Очерки сравнительного религиоведения

То, что основные религиозные понятия и представления существуют с того момента, когда человек впервые осознал свое место во Вселенной, не означает, что «история» не оказывает никакого влияния на сам религиозный опыт. Совсем наоборот. Все в человеческой жизни, даже ее материальная сторона, находит отражение в религиозном опыте. Открытие способов охоты, обработки земли, выплавки металлов и т.д. не только изменило материальные условия человеческой жизни; влияние оказалось более значительным и распространилось на духовность человека, причем здесь оно, возможно, было даже более плодотворным. Так, земледелие открыло путь для многих видов Откровения, которые были невозможны в доземледельческом мире. Нет нужды оговаривать, что экономические и социальные изменения и даже исторические события сами по себе недостаточно объясняют собственно религиозные явления, но преобразования, которые претерпел материальный мир (земледелие, металлургия и т.д.), открыли человеческому духу не только возможность понимания старого опыта, но и новые пути осмысления реальности. И мы можем сказать, что если история имела какое-то влияние на религиозный опыт, то это было влияние в следующем смысле: исторические события открывали человеку новые и разные способы существования, самораскрытия, наделения мира магическим и религиозным значением.
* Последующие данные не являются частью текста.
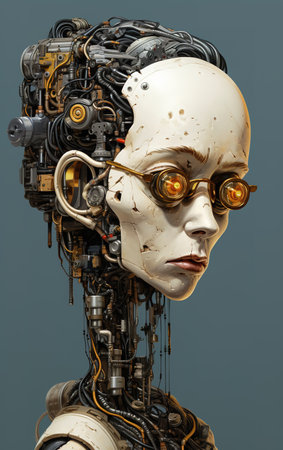 3d rendering humanoid robot with eyeglasses and cyborg headの素材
Мы приведем лишь один пример: одним из наиболее существенных элементов религиозной революции, предпринятой Заратустрой, была его оппозиция принесению в жертву животных[1711]. Очевидно, что одним из источников этой оппозиции, наряду с другими, были экономические интересы общества, переходящего от скотоводческого образа жизни к земледельческому[1712]. Но Заратустра придал этому историческому событию религиозные смысл и значение: упразднение кровавых жертвоприношений стало благодаря ему средством духовной дисциплины и облагораживания; отказ от этого рода ритуалов открыл новые перспективы для умозрения; короче говоря, историческое событие сделало возможными новый религиозный опыт и открытие новых духовных ценностей. Само собой разумеется, что эволюция может легко принять и противоположное направление; такое, что в результате принесенных «историей» изменений будет все труднее обретать религиозный опыт в тех его благородных формах, которые были свойственны архаическим обществам. В некоторых случаях не будет преувеличением говорить об абсолютных духовных катастрофах (таких, например, как поглощение древних обществ экономическими структурами полуиндустриальных колониалистских обществ).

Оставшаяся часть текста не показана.